HH: ... My question is, can you compare it to anyplace that would be in the frame of reference of most of our listeners?

CH: No, it’s unique, because what’s happening under the auspices of the coalition, and it’s been happening for a while, because they got out of Saddam’s Iraq in ’91, if you’ll remember, when we put the no-fly zone protective umbrella over Kurdistan. They had a 12 year start on everyone else, and they didn’t have to live with the terrible combination of sanctions plus Saddam that we allowed to go on for far too long for the rest of the country. And of course, they’re ethnically different. They’re not Arabs. They don’t speak Arabic. They’re not Turks, they’re not Persians. They’re a unique national group. They’re the largest national group, actually, in the world who don’t have a state of their own. There are about 24 million of them. They live in the rather unpromising neighborhood where Turkey, Iran, Syria and Iraq meet. It’s not the place you would want to pitch your tent, perhaps, if you wanted a state of their own, but that’s where they’ve lived for thousands of years. So what’s happening is a new nation is being born. They’re not going to proclaim independence, but it looks and feels much more like an autonomous country, if not yet a state, when you’re there.

HH: In your comment with them, and your conversations with them, are they optimists about the rest of Iraq?

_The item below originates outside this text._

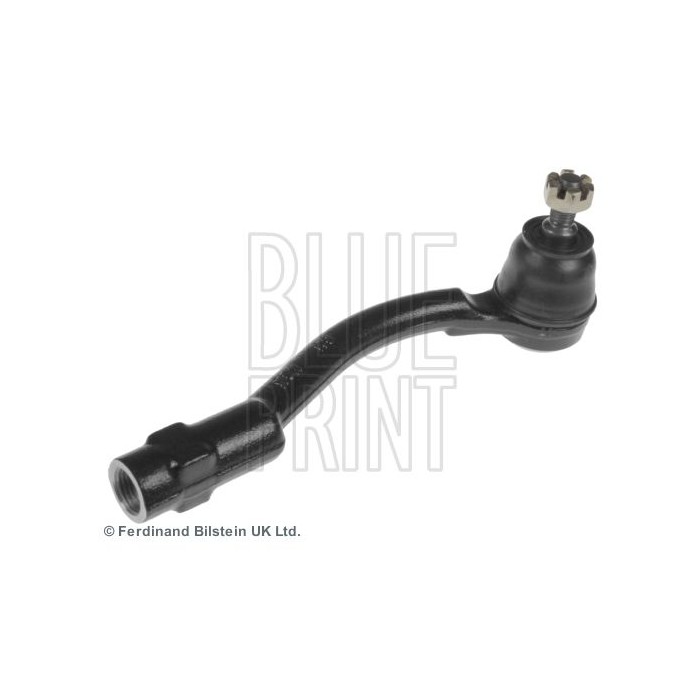 BLUE PRINT Spurstangenkopf ADG087170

CH: Well, no one is exactly an optimist, but I mean if you talk even to the most skeptical, hostile journalists and experts, they’ll tell you that of the few effective ministers in the Iraqi government, for example, a number, probably the greater number, are Kurdish. I mean, Hoshyar Zubari is universally admitted to be a very effective and decent foreign minister. There’s a very good minister of water resources, whose name I’ve just for the moment forgotten, Lotfi I think is his name, is also Kurdish. And of course, there’s President Jalal Talabani, who was elected by the whole of Iraq’s parliament to be the first elected president, who’s the leader of the Patriotic Union of Kurdistan. What they tell me is look, if Iraq fails, it won’t be our fault. I mean, these are people who remember, were being gassed by the Iraqi government not very long ago.

Sigh. If America cuts and runs, what will happen to the Kurds?